Tobias Schulze, der hochschulpolitische Sprecher der Linken-Fraktion im Abgeordnetenhaus, hält es prinzipiell für „gut, dass die Hochschule offensiv mit der Sache umgeht“. Die Vorwürfe seien „schwerwiegend“. Jetzt müsse öffentlich „eine Aufarbeitungsdebatte“ geführt werden, erklärte Schulze gegenüber dem Tagesspiegel. In der offenen Frage der Umbenennung müsse man eine weitere eingehende Prüfung der Hochschule abwarten, sagt Schulze.

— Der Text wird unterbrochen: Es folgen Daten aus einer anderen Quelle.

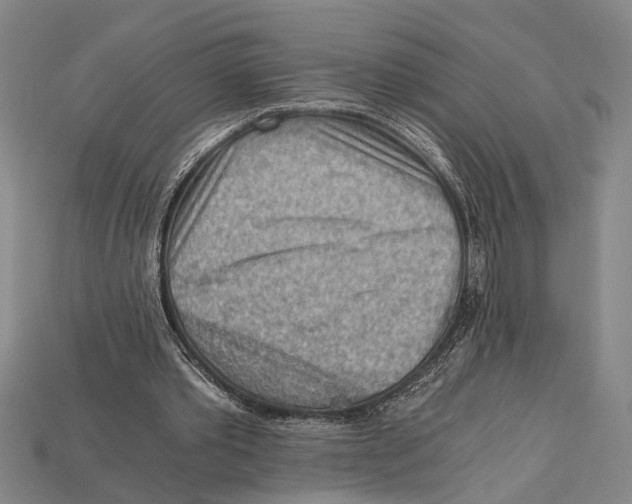 X0000114430389200911131336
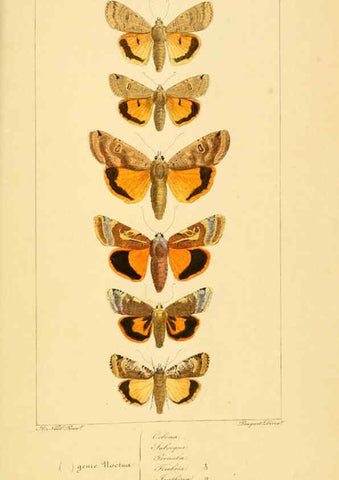 Reproducción/Reproduction 6053867358: Histoire naturelle des lépidoptères d'Europe Paris :L. de Bure,1845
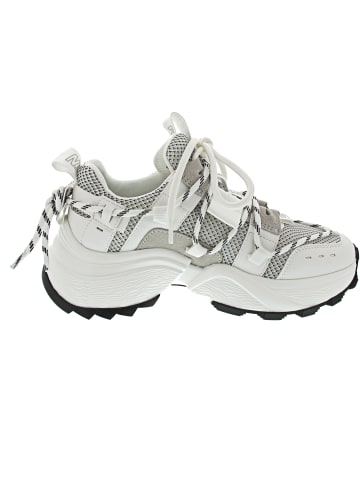Steve Madden Tazmania Sneaker Weiß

Die FH will sich dafür ein Jahr Zeit nehmen, wie Präsidentin Monika Gross aus dem Publikum heraus erklärte: „Wir wollen die ganze Hochschule mitnehmen und vor allem informieren.“ Im Akademischen Senat wurde bereits eine Arbeitsgruppe aus Hochschulmitgliedern und externen Historikern vorgeschlagen.

Itai Boeing, der als Vertreter der Jüdischen Gemeinde mitdiskutierte, dankte der Hochschule, „dass sie diesen Prozess eingeleitet hat“. Nun könne sie wohl „nicht mehr zurück“, müsse sich am Ende also umbenennen. Dazu riet auch Uffa Jensen, Professor am Zentrum für Antisemitismusforschung der TU. Ansonsten müsse sich die Beuth-Hochschule fragen, „ob sie bereit ist, bei jeder offiziellen Veranstaltung daran zu erinnern, dass dieser Name eine schwierige Geschichte hat“.